- **TASK DETAILS**
In which lines of the data does the string "Navigation" appear? Copy every one.
SUPPLIED MATERIAL below:
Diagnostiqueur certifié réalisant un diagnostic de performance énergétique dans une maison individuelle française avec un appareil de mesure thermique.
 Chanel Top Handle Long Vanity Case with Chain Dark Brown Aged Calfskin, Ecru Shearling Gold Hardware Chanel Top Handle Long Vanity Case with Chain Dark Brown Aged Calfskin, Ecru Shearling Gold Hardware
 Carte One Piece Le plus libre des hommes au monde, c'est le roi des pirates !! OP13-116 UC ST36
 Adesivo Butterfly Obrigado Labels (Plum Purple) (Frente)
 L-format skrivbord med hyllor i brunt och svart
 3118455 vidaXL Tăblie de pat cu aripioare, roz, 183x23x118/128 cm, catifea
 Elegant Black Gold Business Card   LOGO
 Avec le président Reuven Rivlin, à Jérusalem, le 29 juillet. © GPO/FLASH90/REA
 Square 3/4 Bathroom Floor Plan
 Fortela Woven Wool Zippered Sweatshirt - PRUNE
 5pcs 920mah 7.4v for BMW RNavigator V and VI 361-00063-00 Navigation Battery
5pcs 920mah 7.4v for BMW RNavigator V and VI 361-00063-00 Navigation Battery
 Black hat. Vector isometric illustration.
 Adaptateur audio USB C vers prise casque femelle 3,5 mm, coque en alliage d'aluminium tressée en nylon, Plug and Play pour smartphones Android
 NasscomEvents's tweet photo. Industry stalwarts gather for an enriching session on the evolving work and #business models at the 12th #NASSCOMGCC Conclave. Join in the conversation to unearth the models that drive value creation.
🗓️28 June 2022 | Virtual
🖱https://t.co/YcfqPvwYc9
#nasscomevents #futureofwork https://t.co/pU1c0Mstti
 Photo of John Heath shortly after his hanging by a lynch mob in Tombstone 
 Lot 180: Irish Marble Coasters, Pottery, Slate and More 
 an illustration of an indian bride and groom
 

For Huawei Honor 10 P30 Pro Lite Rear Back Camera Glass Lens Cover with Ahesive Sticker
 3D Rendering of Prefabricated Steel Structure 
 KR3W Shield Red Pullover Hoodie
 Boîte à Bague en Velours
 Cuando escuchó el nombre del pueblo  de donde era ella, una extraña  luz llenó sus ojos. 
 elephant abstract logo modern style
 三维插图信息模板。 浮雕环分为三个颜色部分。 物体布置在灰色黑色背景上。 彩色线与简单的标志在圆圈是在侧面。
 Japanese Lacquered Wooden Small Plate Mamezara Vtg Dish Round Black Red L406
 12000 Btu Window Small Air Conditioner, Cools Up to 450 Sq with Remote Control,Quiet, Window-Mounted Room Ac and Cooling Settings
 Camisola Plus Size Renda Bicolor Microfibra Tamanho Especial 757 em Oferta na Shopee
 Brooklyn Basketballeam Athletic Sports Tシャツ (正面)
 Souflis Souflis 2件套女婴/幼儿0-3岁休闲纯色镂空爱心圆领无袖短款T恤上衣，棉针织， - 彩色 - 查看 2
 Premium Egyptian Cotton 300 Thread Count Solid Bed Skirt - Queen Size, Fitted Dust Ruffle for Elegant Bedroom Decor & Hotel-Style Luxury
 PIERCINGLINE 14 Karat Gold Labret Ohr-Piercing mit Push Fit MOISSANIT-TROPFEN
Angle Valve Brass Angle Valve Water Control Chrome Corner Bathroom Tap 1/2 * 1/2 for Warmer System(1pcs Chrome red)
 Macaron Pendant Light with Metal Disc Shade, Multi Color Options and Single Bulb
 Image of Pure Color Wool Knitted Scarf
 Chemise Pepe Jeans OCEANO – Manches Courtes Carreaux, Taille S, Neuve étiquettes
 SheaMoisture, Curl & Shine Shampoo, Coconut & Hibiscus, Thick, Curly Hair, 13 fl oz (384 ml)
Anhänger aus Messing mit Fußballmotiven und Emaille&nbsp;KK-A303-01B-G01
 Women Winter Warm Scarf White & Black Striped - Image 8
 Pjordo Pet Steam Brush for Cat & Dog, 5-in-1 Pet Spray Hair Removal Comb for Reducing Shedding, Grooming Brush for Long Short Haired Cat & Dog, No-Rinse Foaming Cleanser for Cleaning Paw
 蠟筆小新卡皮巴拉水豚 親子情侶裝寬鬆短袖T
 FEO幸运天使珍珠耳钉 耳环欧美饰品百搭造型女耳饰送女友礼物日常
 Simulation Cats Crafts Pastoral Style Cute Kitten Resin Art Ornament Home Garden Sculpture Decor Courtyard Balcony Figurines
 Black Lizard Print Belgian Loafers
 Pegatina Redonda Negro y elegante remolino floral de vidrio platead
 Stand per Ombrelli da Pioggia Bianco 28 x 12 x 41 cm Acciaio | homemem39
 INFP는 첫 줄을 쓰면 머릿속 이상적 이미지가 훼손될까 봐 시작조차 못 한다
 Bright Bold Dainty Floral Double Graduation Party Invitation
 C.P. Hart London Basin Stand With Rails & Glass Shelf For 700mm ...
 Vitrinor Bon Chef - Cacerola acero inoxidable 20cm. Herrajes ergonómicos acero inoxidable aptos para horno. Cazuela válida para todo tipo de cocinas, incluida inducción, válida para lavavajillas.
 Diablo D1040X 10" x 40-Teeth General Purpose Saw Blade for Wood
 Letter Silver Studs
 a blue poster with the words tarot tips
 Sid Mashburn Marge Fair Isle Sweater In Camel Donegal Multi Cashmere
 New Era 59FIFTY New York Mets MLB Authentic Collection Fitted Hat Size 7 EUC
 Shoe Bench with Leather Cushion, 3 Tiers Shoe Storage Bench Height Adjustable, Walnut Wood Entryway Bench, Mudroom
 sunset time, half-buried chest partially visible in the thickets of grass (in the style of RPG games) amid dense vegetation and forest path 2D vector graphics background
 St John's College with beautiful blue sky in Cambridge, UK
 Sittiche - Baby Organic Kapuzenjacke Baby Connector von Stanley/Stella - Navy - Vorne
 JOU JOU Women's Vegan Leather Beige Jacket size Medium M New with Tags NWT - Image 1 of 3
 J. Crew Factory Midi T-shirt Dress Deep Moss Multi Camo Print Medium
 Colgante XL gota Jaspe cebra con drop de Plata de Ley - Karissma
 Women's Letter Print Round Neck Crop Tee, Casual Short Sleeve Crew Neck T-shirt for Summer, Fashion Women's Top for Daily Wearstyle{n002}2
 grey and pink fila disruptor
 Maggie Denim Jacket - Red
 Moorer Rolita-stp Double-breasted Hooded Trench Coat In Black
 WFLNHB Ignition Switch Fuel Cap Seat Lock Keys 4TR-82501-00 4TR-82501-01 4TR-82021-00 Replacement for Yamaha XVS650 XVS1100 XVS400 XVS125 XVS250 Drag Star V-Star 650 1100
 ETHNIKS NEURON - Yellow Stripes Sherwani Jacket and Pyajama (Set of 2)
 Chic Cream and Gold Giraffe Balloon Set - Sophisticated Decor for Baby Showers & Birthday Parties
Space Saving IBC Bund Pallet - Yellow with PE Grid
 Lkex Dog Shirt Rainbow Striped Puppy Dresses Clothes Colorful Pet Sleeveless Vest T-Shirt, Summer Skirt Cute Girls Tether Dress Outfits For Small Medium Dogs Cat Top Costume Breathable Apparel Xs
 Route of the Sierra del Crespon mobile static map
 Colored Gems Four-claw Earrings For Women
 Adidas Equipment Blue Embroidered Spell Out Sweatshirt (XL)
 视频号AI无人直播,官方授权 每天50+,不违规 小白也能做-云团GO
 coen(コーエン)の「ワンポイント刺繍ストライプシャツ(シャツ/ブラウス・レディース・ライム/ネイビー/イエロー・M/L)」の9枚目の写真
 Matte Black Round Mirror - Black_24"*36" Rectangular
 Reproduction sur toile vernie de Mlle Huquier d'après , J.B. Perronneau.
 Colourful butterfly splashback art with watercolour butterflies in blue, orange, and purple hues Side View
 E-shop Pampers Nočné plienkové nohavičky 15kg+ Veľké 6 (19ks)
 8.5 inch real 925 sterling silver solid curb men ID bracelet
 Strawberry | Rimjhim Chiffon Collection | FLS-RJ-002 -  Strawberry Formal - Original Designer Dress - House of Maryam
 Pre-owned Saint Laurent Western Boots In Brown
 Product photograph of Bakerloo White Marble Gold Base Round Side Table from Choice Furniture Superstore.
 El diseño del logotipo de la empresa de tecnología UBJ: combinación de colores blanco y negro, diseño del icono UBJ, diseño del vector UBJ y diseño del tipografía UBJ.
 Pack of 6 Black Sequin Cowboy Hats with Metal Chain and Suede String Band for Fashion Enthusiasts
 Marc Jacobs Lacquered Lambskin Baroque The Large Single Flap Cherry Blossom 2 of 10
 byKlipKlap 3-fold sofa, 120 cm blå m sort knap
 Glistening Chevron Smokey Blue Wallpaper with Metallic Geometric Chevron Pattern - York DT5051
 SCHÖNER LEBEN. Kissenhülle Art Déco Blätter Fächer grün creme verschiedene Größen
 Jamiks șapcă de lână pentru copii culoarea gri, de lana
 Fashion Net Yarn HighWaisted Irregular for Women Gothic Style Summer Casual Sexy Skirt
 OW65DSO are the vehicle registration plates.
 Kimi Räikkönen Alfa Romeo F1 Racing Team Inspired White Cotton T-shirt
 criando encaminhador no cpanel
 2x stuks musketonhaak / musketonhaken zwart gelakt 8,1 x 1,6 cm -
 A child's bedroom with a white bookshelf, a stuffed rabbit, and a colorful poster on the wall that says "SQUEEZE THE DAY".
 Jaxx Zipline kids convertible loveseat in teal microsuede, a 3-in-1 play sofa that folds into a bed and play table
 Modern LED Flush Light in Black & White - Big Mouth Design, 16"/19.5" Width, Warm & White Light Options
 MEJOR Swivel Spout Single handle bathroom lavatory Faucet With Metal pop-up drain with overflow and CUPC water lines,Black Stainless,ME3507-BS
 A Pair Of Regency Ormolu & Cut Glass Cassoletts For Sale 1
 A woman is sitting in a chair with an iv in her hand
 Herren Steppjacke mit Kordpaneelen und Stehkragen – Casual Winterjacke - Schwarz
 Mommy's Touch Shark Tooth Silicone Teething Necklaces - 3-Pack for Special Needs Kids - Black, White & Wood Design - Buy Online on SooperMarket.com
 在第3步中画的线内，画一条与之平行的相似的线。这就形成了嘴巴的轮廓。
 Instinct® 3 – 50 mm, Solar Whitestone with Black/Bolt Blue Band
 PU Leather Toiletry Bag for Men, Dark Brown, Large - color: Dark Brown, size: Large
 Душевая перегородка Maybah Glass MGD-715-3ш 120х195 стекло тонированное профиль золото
End of SUPPLIED MATERIAL.
- **ANSWER FOR THE TASK**
 5pcs 920mah 7.4v for BMW RNavigator V and VI 361-00063-00 Navigation Battery
5pcs 920mah 7.4v for BMW RNavigator V and VI 361-00063-00 Navigation Battery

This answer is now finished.